Tutto ciò incide profondamente sul suo carattere, sul suo sviluppo psichico, emotivo, intellettuale, rendendolo sempre più distaccato dai suoi coetanei e ad avere una condotta scolastica considerata “immorale” e ben scarsi risultati. Ha infatti difficoltà in tutte le materie, eccetto che nel disegno, tanto da essere infine espulso dall’istituto per ragazzi handicappati in cui era stato indirizzato, riuscendo a completare soltanto la quarta elementare. Una gioventù errabonda, quasi selvaggia, fatta di lavori occasionali e mal pagati nei campi e nelle fattorie, costellata di episodi di ricovero in ospedale psichiatrico, con la sola certezza della sua passione per la pittura. Espulso dalla Svizzera all’età di vent’anni per aver aggredito la sua madre adottiva e da questa denunciato, Ligabue viene condotto in Italia e qui continua un’esistenza fatta di vagabondaggi per le campagne lungo le rive del Po, fughe per cercare di tornare in Svizzera, lavori saltuari, difficoltà causate dalla mancanza di conoscenza della lingua italiana e di saper comunicare. È con l’aiuto del Comune e dell’ospizio di mendicità di Gualtieri, il paese di origine di suo padre, che riesce a sopravvivere, supportato soltanto dalla sua voglia di dipingere.

È nel 1928 che la sua passione per la pittura verrà rinforzata dall’incontro con l’artista Renato Marino Mazzacurati, uno dei fondatori della Scuola Romana, dal quale Ligabue imparerà l’uso dei colori a olio e che, compreso il suo talento, farà di tutto perché questo venga riconosciuto e apprezzato a livello nazionale.
Da questo momento Ligabue si dedica completamente alla pittura e in seguito anche alla scultura con la terracotta. Viene ospitato da amici quali il flautista Licino Ferretti o soggiorna presso il ricovero di mendicità di Gualtieri. Un periodo segnato anche da diversi ricoveri in ospedale psichiatrico per atti di autolesionismo e di aggressione che sottolineano il suo carattere irascibile e violento.

Durante la Seconda guerra mondiale trova impiego come interprete per le truppe tedesche, incarico che però perde a seguito di una sua aggressione a un militare tedesco, che gli vale ben tre anni di ospedale psichiatrico.
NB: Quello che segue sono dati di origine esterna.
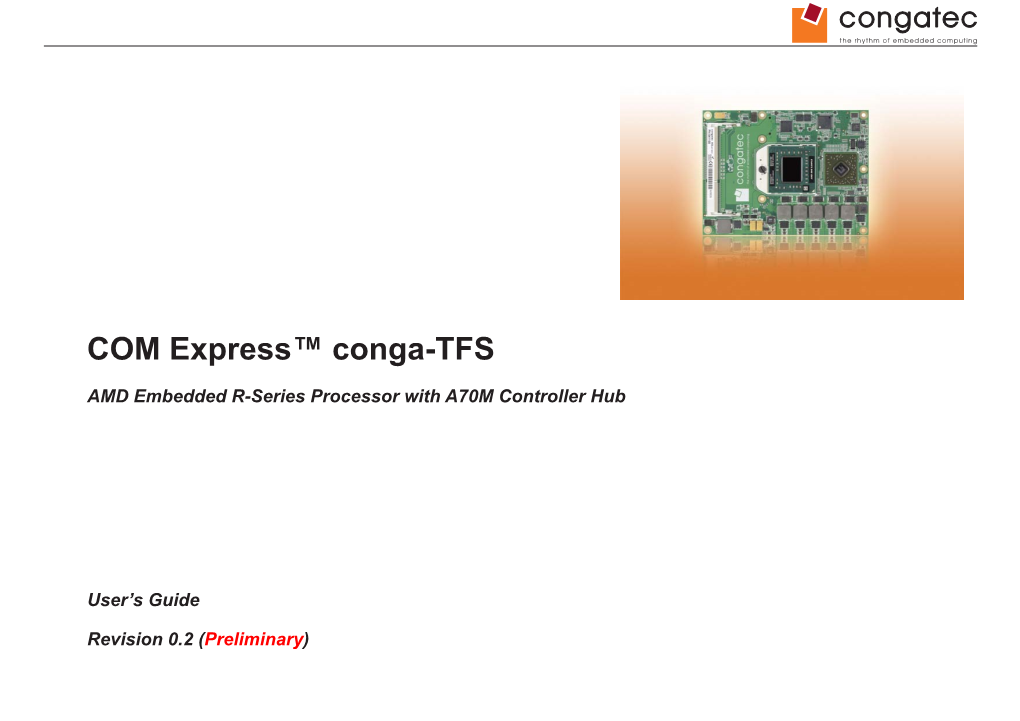 User's Guide Conga-TFS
È dagli anni Cinquanta che le sue opere cominciano davvero a essere apprezzate. Vince premi, inizia a vendere i suoi quadri e nel 1955 realizza una sua prima mostra personale a Gonzaga. Nel 1961 giunge alla consacrazione nazionale con un’esposizione a La Barcaccia di Roma, che gli consente infine di uscire dalla sua disperata situazione economica.
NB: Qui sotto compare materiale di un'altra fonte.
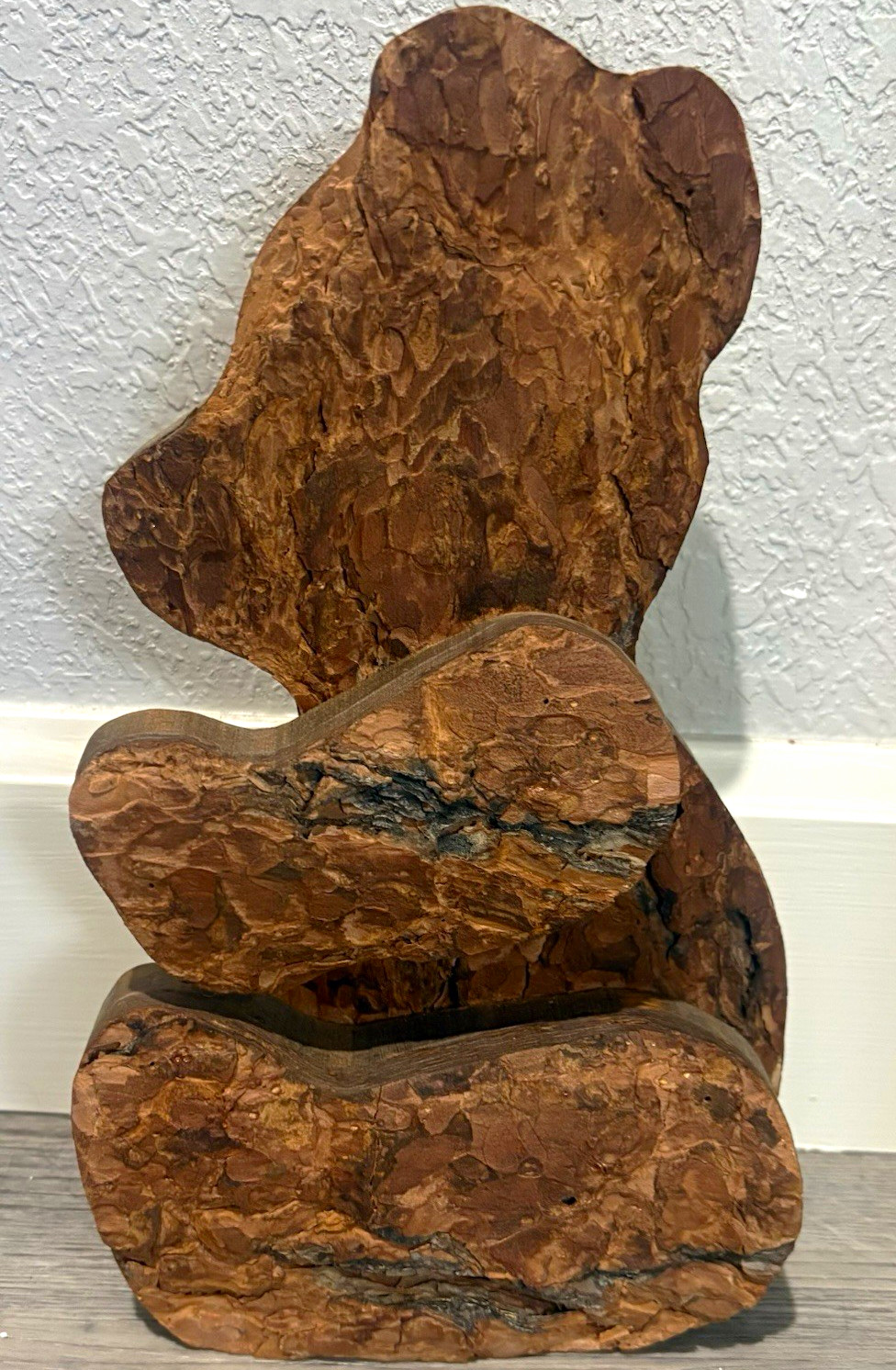Vintage Handmade Wood Bear Rustic Cabin Lodge Decor Natural Bark 10” Tall Vintage Handmade Wood Bear Rustic Cabin Lodge Decor Natural Bark 10” Tall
Un incidente in motocicletta (moto e auto erano sempre state una sua passione) e un’emiparesi nel 1956 che lo colpisce anche a livello cerebrale, bloccano la sua attività artistica.

Ospite del ricovero di Gualtieri, chiede di essere battezzato e cresimato, e lì morirà il 27 maggio del 1965, quando la sua arte ha ormai acquisito fama nazionale. È nello stesso cimitero del paese che aveva dato i natali a suo padre che “al tedesch” o “al matt”, così come veniva chiamato, è stato sepolto. Sulla sua lapide, una maschera funebre di bronzo dello scultore Andrea Mozzali.
Un uomo che non sapeva esprimere con le parole, ma capace di riprodurre in modo perfetto ciò che sentiva, vedeva, elaborava, e le cui opere, di grande espressività e semplicità, evocano talvolta tensione, talvolta serenità, spesso riportando scene di vita quotidiana, paesaggi, animali.
Da non dimenticare le molte tele (non datate, come tutte le sue opere del resto) in cui Antonio Ligabue si è ritratto, nelle quali è soprattutto lo sguardo e l’espressività degli occhi a focalizzare l’attenzione di chi le osserva.